INSTRUCTIONS TO FOLLOW — After finding the line with "Property photo for" in the entries below, retype exactly each line from there through the line with "3 Bedroom Condo", including that final line.

RECORDS PROVIDED —
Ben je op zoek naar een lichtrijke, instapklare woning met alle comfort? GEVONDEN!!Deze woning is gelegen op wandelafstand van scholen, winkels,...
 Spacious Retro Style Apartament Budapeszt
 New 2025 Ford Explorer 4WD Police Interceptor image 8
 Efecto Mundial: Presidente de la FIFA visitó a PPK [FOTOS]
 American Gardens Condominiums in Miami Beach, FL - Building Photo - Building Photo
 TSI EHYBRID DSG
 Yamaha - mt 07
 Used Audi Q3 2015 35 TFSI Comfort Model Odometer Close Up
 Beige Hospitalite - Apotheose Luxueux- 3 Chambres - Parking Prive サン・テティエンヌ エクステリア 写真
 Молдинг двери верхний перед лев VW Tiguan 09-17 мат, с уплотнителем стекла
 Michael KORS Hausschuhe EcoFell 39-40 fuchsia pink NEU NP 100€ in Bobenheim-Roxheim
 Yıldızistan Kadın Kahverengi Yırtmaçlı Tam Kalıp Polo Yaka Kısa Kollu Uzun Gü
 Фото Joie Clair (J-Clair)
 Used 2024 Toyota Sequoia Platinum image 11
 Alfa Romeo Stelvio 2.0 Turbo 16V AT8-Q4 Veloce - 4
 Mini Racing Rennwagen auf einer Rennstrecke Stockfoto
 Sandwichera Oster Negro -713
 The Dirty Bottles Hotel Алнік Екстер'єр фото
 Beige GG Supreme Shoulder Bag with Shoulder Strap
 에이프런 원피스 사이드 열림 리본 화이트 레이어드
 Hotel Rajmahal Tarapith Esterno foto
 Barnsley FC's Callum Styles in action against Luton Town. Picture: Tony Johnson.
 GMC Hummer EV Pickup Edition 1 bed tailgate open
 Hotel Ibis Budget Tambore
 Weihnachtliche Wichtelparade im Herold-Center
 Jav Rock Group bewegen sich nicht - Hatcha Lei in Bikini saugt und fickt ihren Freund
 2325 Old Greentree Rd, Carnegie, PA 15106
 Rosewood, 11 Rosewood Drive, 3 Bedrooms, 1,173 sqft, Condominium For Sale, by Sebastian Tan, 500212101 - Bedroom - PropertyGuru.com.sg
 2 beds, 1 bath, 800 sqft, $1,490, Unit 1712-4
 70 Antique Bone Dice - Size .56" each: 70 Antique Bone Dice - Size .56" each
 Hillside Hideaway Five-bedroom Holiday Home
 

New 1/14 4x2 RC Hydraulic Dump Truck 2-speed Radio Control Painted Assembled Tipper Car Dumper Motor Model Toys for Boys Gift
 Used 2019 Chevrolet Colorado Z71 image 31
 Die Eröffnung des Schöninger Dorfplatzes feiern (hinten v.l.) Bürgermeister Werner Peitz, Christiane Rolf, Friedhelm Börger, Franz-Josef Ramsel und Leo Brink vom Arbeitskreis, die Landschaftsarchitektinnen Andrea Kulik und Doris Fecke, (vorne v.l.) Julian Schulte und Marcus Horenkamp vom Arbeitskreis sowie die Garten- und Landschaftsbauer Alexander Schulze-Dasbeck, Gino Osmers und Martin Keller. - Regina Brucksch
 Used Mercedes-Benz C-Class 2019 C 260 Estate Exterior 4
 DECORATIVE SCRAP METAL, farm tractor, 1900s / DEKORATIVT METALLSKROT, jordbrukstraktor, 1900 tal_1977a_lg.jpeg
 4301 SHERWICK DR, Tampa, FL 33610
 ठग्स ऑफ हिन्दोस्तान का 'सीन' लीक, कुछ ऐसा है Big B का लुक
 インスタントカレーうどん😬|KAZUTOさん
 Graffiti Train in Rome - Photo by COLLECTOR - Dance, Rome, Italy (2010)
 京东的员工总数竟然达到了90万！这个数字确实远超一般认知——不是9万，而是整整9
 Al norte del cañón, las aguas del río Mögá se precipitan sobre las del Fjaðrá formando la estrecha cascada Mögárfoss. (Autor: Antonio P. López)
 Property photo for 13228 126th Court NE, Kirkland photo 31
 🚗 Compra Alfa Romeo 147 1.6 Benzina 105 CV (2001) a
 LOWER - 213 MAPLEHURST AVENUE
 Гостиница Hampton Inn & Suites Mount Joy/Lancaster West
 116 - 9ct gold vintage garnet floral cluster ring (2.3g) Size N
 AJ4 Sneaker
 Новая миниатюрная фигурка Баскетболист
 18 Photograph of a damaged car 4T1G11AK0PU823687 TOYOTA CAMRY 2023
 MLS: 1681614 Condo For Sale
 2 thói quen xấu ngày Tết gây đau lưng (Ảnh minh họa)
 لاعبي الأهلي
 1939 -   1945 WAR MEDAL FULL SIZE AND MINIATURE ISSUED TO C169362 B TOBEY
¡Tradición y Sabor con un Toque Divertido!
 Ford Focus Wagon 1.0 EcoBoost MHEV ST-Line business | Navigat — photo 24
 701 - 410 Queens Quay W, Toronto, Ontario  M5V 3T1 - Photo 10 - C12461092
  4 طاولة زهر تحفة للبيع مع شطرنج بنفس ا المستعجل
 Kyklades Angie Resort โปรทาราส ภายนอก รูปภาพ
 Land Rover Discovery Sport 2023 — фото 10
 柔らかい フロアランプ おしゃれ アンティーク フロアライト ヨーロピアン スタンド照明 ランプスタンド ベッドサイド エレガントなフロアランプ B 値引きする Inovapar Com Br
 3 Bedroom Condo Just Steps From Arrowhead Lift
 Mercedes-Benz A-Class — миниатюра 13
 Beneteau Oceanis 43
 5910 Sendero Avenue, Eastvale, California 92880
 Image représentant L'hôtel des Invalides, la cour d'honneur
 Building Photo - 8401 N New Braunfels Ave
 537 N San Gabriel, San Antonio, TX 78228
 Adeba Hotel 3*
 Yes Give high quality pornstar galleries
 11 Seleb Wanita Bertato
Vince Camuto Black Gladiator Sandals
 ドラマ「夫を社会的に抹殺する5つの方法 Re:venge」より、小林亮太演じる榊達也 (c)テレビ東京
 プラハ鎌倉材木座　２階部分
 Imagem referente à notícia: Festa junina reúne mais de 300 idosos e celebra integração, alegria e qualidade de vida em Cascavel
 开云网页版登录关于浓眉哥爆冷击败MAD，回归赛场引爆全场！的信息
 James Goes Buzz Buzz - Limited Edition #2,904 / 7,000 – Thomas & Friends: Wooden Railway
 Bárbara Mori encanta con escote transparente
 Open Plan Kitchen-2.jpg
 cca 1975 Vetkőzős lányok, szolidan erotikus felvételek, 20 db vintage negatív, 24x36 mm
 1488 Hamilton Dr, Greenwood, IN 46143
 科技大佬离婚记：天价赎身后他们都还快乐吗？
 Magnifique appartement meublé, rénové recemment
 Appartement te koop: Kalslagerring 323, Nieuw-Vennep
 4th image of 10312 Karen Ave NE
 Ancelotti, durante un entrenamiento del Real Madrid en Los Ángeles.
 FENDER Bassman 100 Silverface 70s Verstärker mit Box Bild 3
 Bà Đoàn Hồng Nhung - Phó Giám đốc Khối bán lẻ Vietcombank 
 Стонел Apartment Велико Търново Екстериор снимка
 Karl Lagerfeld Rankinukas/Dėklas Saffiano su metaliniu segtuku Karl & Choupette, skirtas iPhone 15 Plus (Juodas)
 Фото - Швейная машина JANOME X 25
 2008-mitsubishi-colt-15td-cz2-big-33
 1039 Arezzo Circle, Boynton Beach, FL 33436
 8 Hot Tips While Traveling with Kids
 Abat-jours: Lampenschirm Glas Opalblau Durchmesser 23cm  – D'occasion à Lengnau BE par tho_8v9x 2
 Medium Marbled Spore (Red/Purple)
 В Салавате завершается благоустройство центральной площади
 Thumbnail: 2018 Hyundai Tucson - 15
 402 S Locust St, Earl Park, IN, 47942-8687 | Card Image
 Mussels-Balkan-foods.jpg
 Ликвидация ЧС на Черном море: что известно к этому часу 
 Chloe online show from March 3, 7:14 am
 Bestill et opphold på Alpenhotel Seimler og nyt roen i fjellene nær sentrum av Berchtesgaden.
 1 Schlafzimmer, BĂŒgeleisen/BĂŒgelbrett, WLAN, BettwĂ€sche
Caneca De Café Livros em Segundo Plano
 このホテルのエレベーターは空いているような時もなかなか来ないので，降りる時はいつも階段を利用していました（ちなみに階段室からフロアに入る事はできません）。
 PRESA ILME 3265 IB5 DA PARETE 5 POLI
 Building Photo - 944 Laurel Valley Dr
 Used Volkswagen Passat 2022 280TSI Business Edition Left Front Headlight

WRITTEN ANSWER —
 Property photo for 13228 126th Court NE, Kirkland photo 31
 🚗 Compra Alfa Romeo 147 1.6 Benzina 105 CV (2001) a
 LOWER - 213 MAPLEHURST AVENUE
 Гостиница Hampton Inn & Suites Mount Joy/Lancaster West
 116 - 9ct gold vintage garnet floral cluster ring (2.3g) Size N
 AJ4 Sneaker
 Новая миниатюрная фигурка Баскетболист
 18 Photograph of a damaged car 4T1G11AK0PU823687 TOYOTA CAMRY 2023
 MLS: 1681614 Condo For Sale
 2 thói quen xấu ngày Tết gây đau lưng (Ảnh minh họa)
 لاعبي الأهلي
 1939 -   1945 WAR MEDAL FULL SIZE AND MINIATURE ISSUED TO C169362 B TOBEY
¡Tradición y Sabor con un Toque Divertido!
 Ford Focus Wagon 1.0 EcoBoost MHEV ST-Line business | Navigat — photo 24
 701 - 410 Queens Quay W, Toronto, Ontario  M5V 3T1 - Photo 10 - C12461092
  4 طاولة زهر تحفة للبيع مع شطرنج بنفس ا المستعجل
 Kyklades Angie Resort โปรทาราส ภายนอก รูปภาพ
 Land Rover Discovery Sport 2023 — фото 10
 柔らかい フロアランプ おしゃれ アンティーク フロアライト ヨーロピアン スタンド照明 ランプスタンド ベッドサイド エレガントなフロアランプ B 値引きする Inovapar Com Br
 3 Bedroom Condo Just Steps From Arrowhead Lift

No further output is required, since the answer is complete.